Saio da terra sobre a qual me ergui, da qual sorvi os nutrientes necessários paa minha sustentação e crescimento. Dela meus irmãos encontraram uma mesma origem e como eles, meus pais e os pais de meus pais semearam o fruto que hoje colhemos. Com o suor do trabalho e a orientação de sermões e preces construi-se a casa na qual moramos e da qual tiramos nosso abrigo contra as intempéries do clima e da gente. Ali aonde compartiamos o pão produzido com matéria de nosso labor fomos formados enquanto ser humanos; educados ao modos da lei e da fé. A tradição fluídas pelas palavras de nossos pais não era mais do que um surdo reverberamento da civilização que nos envolvia desde paragens alheias. Dia a dia essas homílias patriarcais nos conceberam a verdade na qual deveríamos acreditar e enquanto luz, era a única que poderia nos guiar. Refeição após refeição escutavamos as pregas a favor do trabalho e da família, de Deus e de nossa terra, sobre elas cristalizaram-se minha tenra visão de mundo. A elas respeitava porque temia a voz austera e as vezes tronitoante de nosso pai, quem à cabeceira da mesa e barba volumosa, nos revelava os mistérios da vida. Minha mãe e meus irmãos dispostos a sua vista aceitavamos sem refletir ou questionar. A saúde de todos era plena e a mesa farta atendia a necessidade de cada um após uma árduo e longa jornada de lavoura. Haveria algo mais a se rogar àqueles que nos protegiam contra os males terrenos e etéreos? O tempo era bom e nada nos faltava, principalmente ao meu sutil e inocente espírito que se animava com a perspectiva de caminhar sob a luz do sol com meus pés descalços sobre as folhas secas e banhar me desnudo às águas cristalinas do lago.

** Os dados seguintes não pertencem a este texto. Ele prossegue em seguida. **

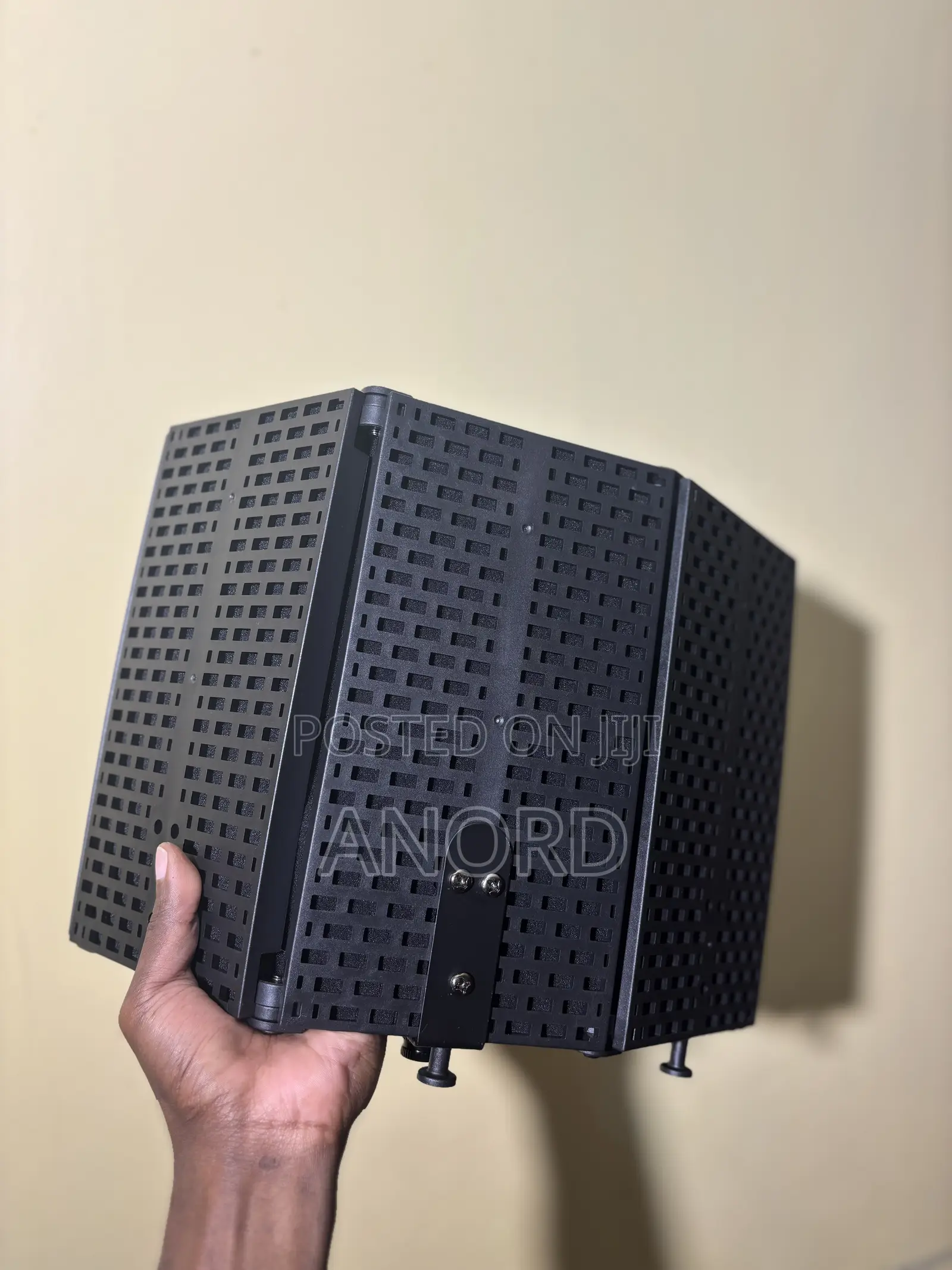 Vocal Booth Mpya Milango Mi 5 Bei Offa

Então, me perguntas por que abandono os seios da mãe que me criou e amamentou castamente durante tantos anos? Porque entregar-se ao alvorecer de uma nova fase da vida aos augidos de uma saara distante e desconhecida? Parto pelo sabor das palavras e pelo entusiasmo de experiências que me foram negadas e ocultas. Viajo em busca da luxúria da carne e do vício. Será o vinho vazando pelos meus poros que me permitiram cultivar o obceno ou, como em tantos momentos eu o alcunhei, minha liberdade. O homem não se faz sozinho, bem o sabemos, mas tão pouco se faz em um lugar só, por isso minha ansia pelas estradas, meu destino vagabundo de vagar pelo mundo. É somente por meio desse desejo que justifico a furia com a qual abandonei minha família.

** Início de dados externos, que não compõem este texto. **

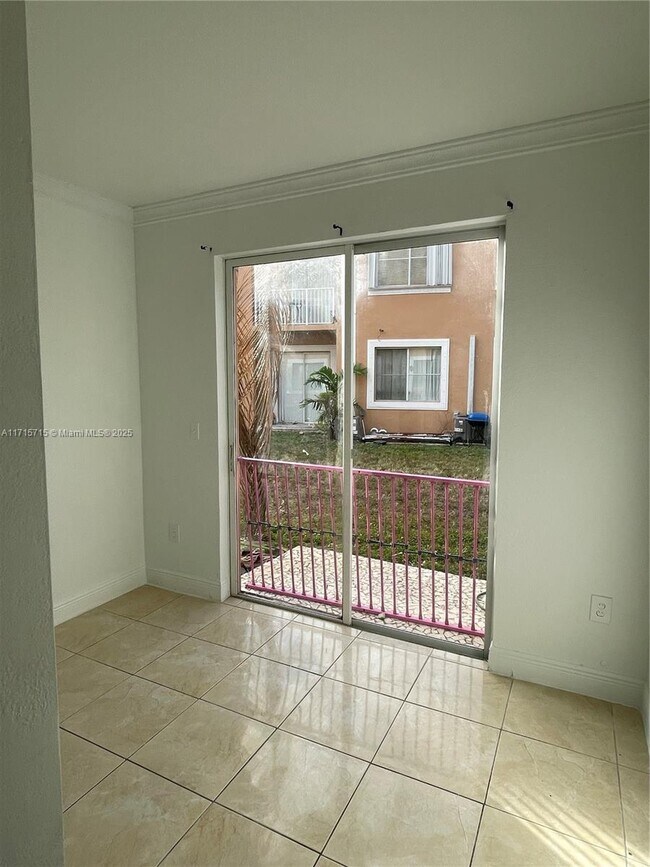 Foto del edificio - Northwest 177th Street, Hialeah, FL 33015 - 3 BR 2 BA Condo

Entranto, digo, após muitos anos de meu adeus mudo, as pequenas lições dadas pela minha infancia, as nobres reminiscências criadas pela correria pelos salões claros de nossa casa não foram plantados em chão de terra batida, pedregulho ou espinhos. Guardo comigo a sapiência de uma vida, assim como levo em meu peito os lugares pelos quais passei. Com convicção dito que não há amor sem liberdade como em toda a palavra, mesmo as censuradas existem grãos graudos passíveis de serem sembrados. E se acaso ditraÍdo me perguntas: pra onde estamos indo? Estamos indo sempre pra casa.